A friend of mine bought OEM side skids for his Honda wheeled HSS928. When looked at the instructions I note they also address tracked models. But they say if you install on tracked models to remove the rear (factory) steel skids, then replace the nuts and bolts for them (presumably so you don't lose them).

If you install side poly skids on a tracked model do you have to remove the rear skids? If you put side shoes on how to you use scraper mode with the scraper bar on pavement???


----------



## btm (Dec 25, 2017)

I bought some poly side skids for my hss1332 tracked, I was going to slap em on soon.

Now you got me wondering if there's a reason to remove the rear shoes?
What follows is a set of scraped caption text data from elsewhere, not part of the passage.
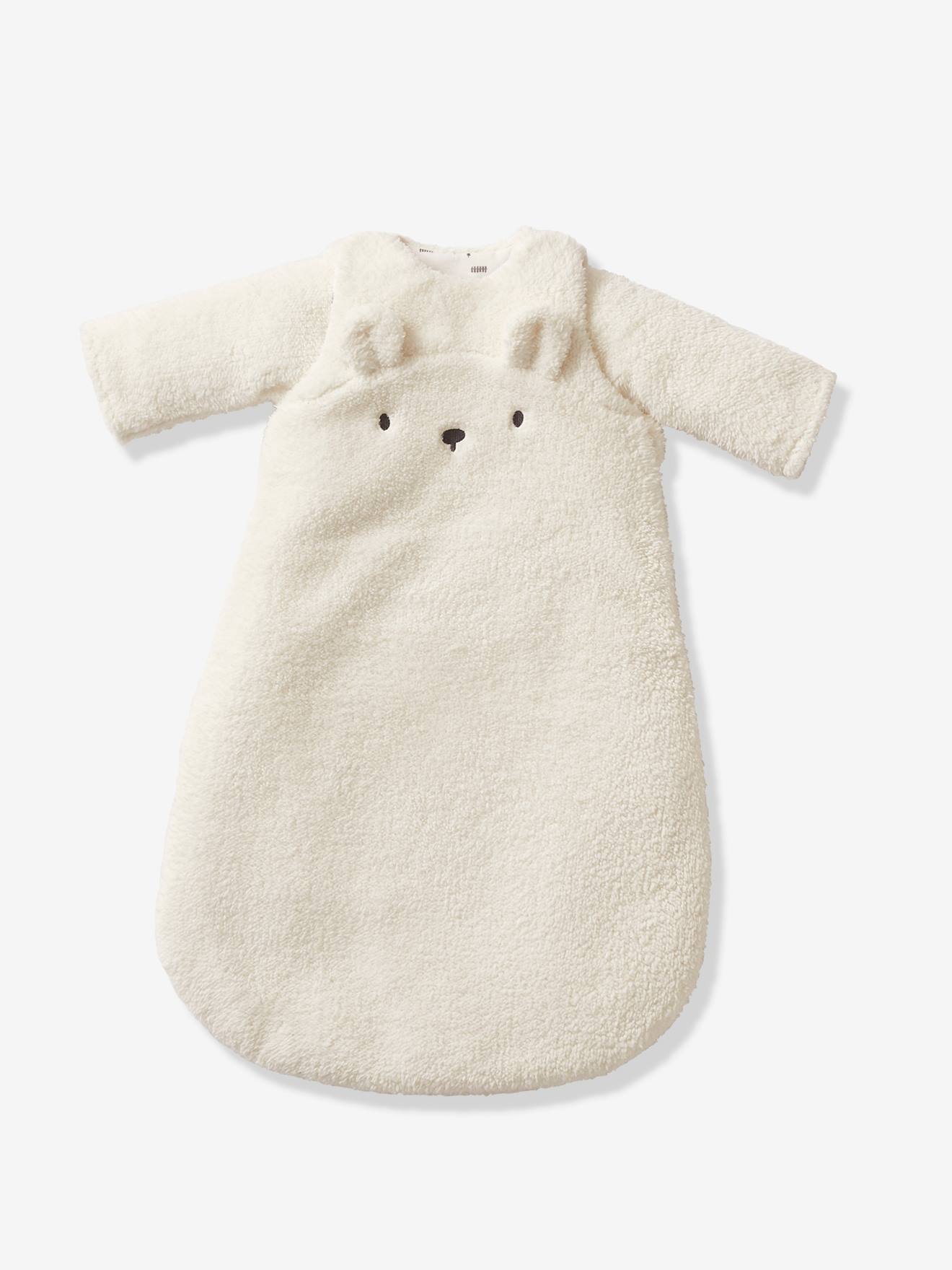 Vertbaudet Baby Winterschlafsack GRÜNER WALD, Ärmel abnehmbar Oeko Tex - braun/bär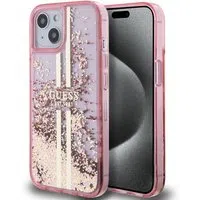 Custodia per Apple iPhone 15 Plus, Guess, Liquid Glitter Gold Stripes, Rosa — 3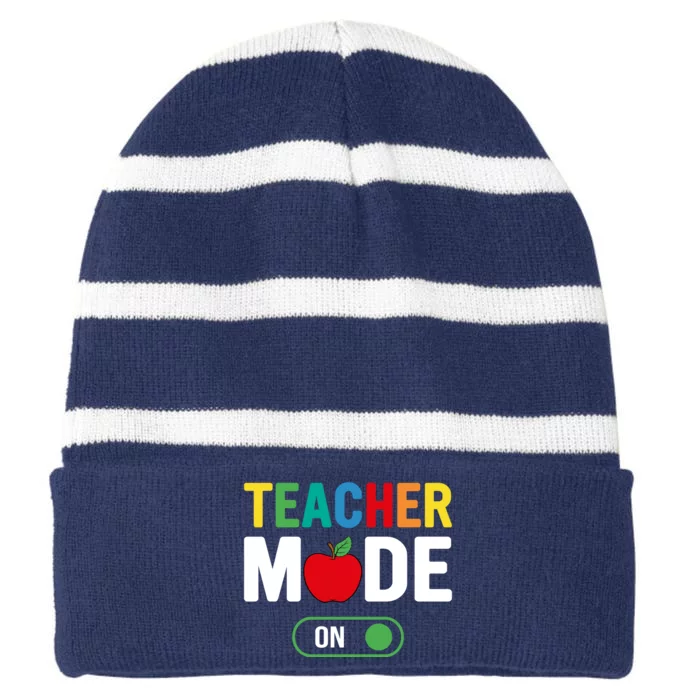 Teacher Mode On Striped Beanie with Solid Band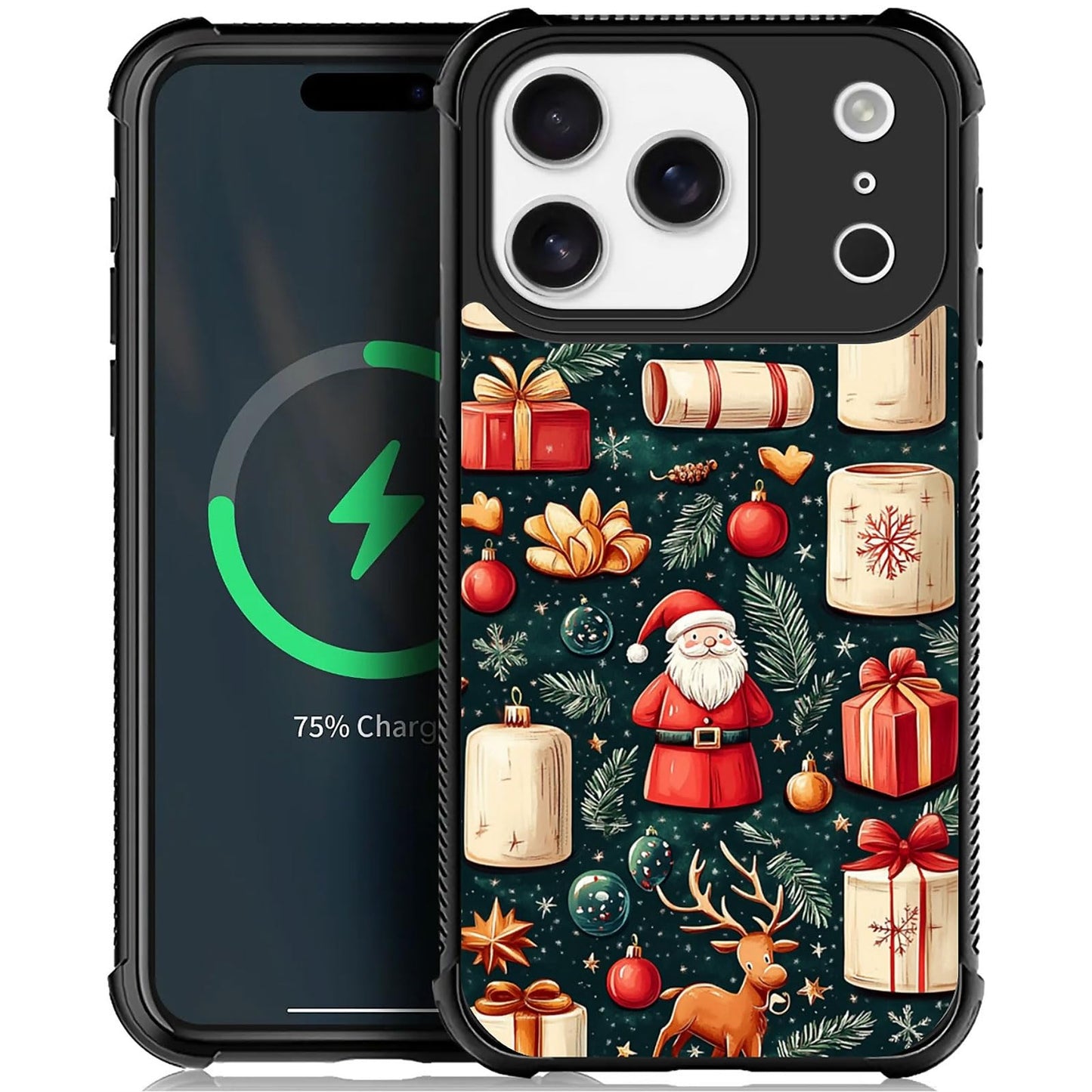 XUANWENPA for iPhone 17 Pro Max Case,The Black Shell Design is Bright,Anti Drop and Dust-Proof,Christmas Abstract Gift Box and O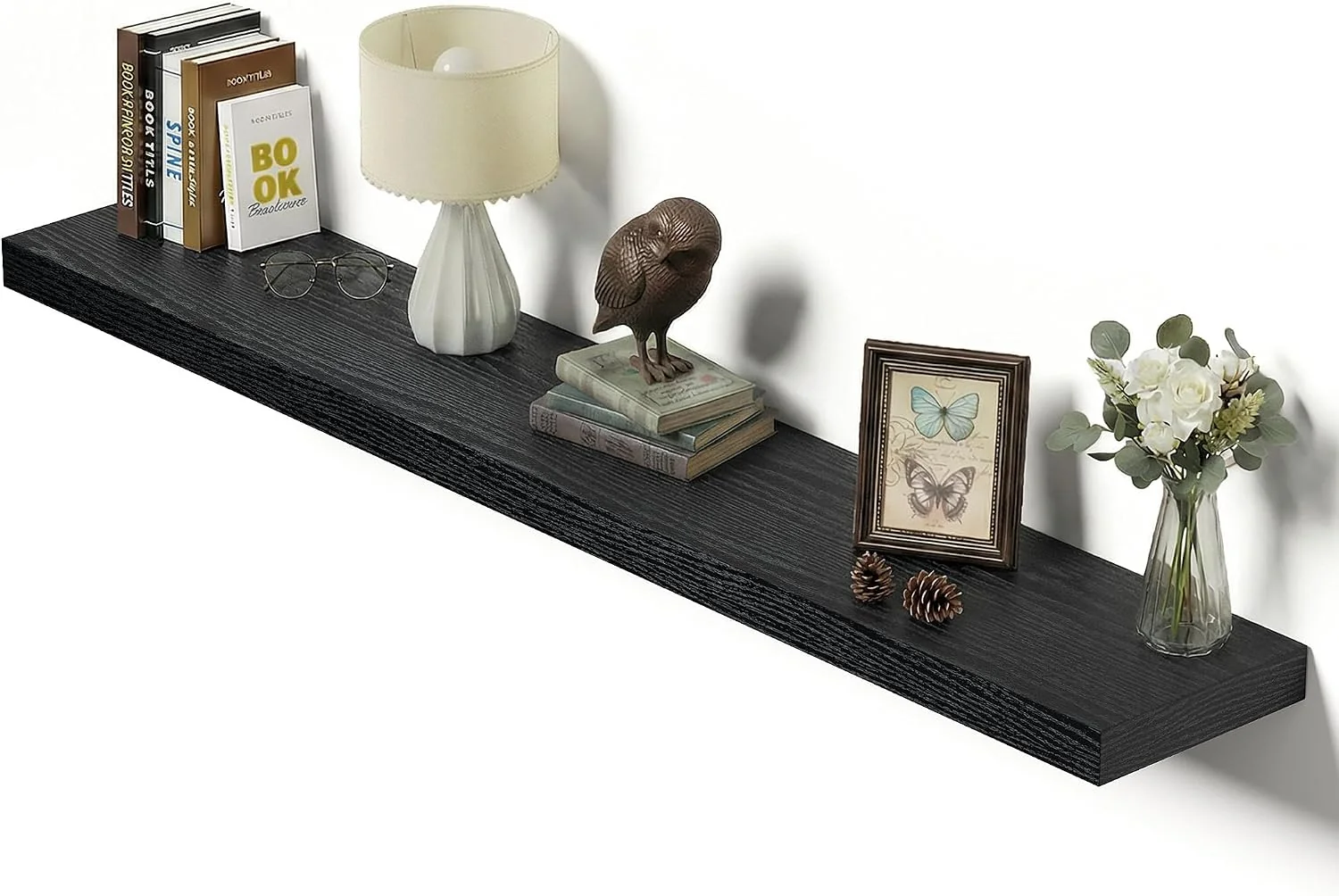 Practical Vivelove Single Floating Shelves 48×10 Set of 1 Black Top-Quality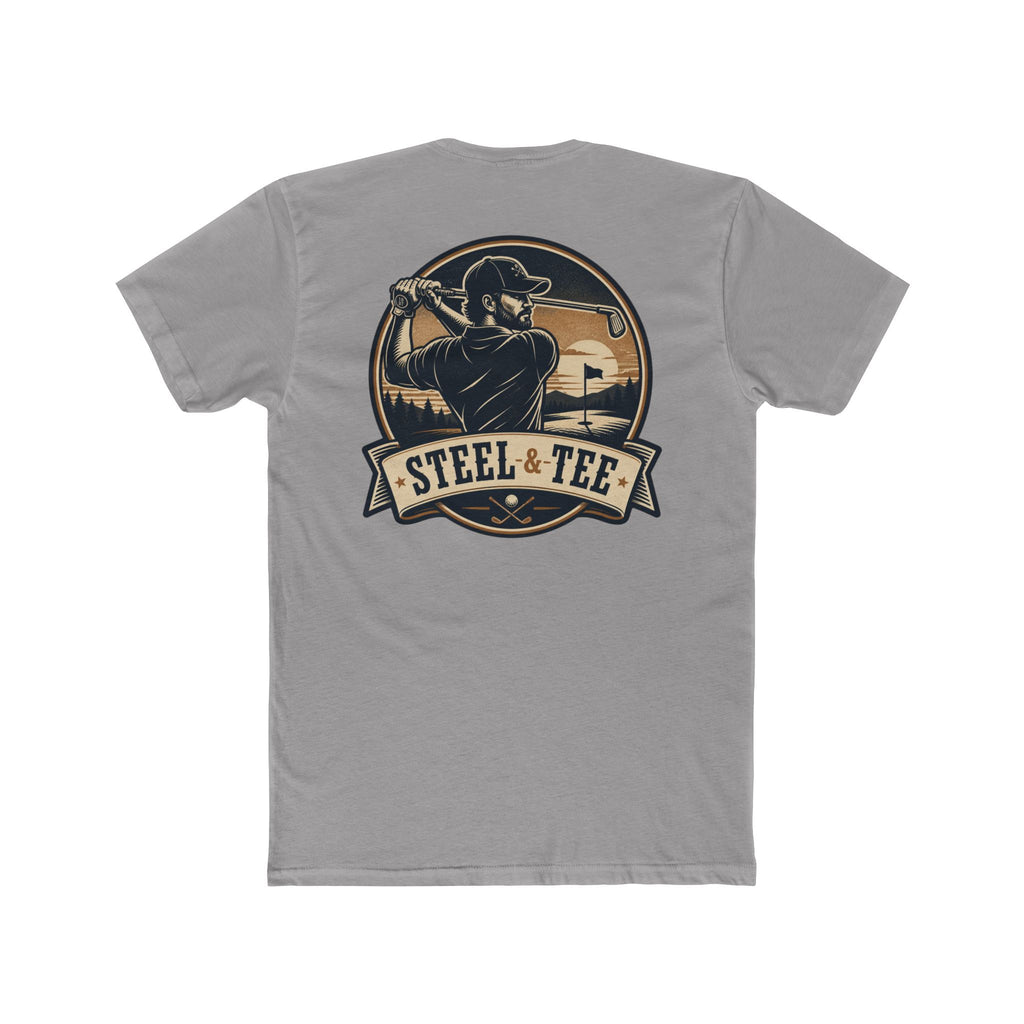Steel & Tee Golf T-Shirt — Vintage Golfer Graphic Crew Tee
Sent from my Pixel XL using Tapatalk


----------



## CalgaryPT (Dec 7, 2016)

btm said:


> I bought some poly side skids for my hss1332 tracked, I was going to slap em on soon.
> 
> Now you got me wondering if there's a reason to remove the rear shoes?
> 
> Sent from my Pixel XL using Tapatalk


I can post the Honda instructions if anyone wants. But I wonder if it is because it defeats the scraper mode. I like the poly idea for side skids but my shed won't allow me clearance in the door with them on (I built it for the front scoop width without side skids). I might consider buying them and keeping my HSS724ACTD in the garage, but not if I have to remove the rear skids. I guess if you don't use scrapper mode then side skids (poly or Armor Skids) will for sure prevent auger collisions with the pavement, which might still be a good idea for tracked models. But the pivot point on tracked models inherently keeps the scrapper bar off the ground unless purposely put there by the operator. 

Pics I have seen of tracked machines with side skids don't show if the rear ones are on or not. So I am a bit confused too.


----------



## tabora (Mar 1, 2017)

Leave the rear skids on... That lets you run the front of the blower off an edge while still supported by the rear skids.


----------



## cwolcott (Feb 26, 2018)

I have side and rear skids on my hss928atd tracked model and they work great,

Sent from my SM-T800 using Tapatalk


----------



## CalgaryPT (Dec 7, 2016)

cwolcott said:


> I have side and rear skids on my hss928atd tracked model and they work great,
> 
> Sent from my SM-T800 using Tapatalk


I'm leaning this way now too. Either my shed gets hacked to fit the 724 in, or my garage workshop turns into a Frogger game. Ah, who am I kidding? I already can't move in my garage anyways. So I think side skids are in my future. Thanks guys.


----------